Your task:
The expected output is the line with "Women Solid Spliced" followed by every remaining line of the entries, all repeated exactly.

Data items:
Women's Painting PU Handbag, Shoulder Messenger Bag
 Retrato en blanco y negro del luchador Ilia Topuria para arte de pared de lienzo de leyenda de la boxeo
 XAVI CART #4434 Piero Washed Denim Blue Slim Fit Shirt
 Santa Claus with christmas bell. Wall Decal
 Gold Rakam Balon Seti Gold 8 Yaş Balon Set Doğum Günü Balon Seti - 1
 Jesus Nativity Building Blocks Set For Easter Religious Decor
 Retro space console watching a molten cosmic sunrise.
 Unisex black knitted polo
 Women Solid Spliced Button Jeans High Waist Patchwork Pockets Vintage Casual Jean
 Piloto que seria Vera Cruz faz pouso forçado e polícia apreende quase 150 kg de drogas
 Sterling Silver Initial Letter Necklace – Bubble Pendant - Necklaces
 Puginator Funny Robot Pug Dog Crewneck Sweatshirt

Task solution:
 Women Solid Spliced Button Jeans High Waist Patchwork Pockets Vintage Casual Jean
 Piloto que seria Vera Cruz faz pouso forçado e polícia apreende quase 150 kg de drogas
 Sterling Silver Initial Letter Necklace – Bubble Pendant - Necklaces
 Puginator Funny Robot Pug Dog Crewneck Sweatshirt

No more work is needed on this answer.